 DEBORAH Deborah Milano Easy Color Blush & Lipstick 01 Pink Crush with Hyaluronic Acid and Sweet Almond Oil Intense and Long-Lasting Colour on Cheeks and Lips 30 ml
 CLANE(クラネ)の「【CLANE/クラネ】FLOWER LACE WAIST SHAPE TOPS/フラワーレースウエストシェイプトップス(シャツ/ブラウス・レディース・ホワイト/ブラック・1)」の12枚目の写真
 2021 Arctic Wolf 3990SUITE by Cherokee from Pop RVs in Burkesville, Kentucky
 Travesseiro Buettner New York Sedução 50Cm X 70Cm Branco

-*-

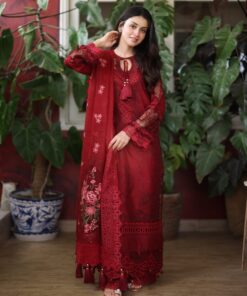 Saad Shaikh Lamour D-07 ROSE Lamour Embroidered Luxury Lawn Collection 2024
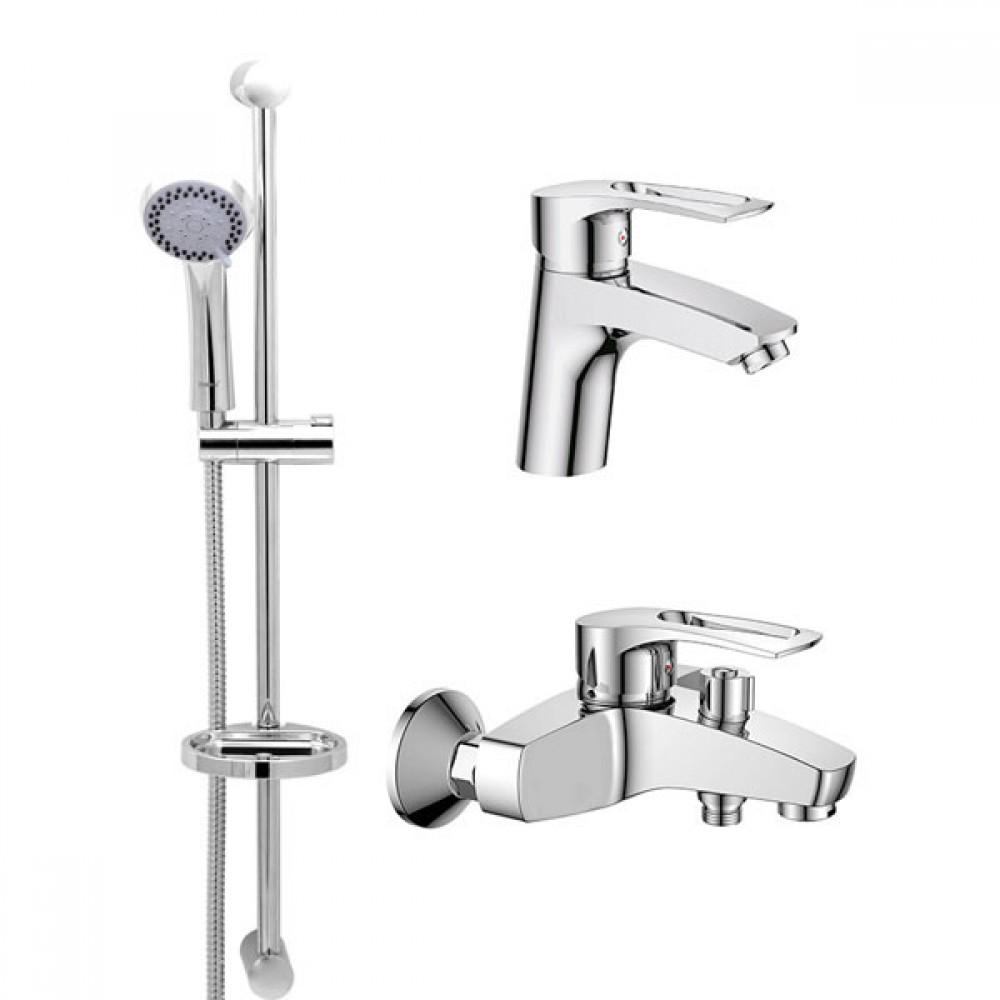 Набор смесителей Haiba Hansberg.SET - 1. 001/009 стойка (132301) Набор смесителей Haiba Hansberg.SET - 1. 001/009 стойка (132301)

-*-

Work item
Please copy, exactly and with nothing else, the lines above beginning at the line that has "DEBORAH Deborah Milano" and ending with the line that has "Travesseiro Buettner New".

Written answer
 DEBORAH Deborah Milano Easy Color Blush & Lipstick 01 Pink Crush with Hyaluronic Acid and Sweet Almond Oil Intense and Long-Lasting Colour on Cheeks and Lips 30 ml
 CLANE(クラネ)の「【CLANE/クラネ】FLOWER LACE WAIST SHAPE TOPS/フラワーレースウエストシェイプトップス(シャツ/ブラウス・レディース・ホワイト/ブラック・1)」の12枚目の写真
 2021 Arctic Wolf 3990SUITE by Cherokee from Pop RVs in Burkesville, Kentucky
 Travesseiro Buettner New York Sedução 50Cm X 70Cm Branco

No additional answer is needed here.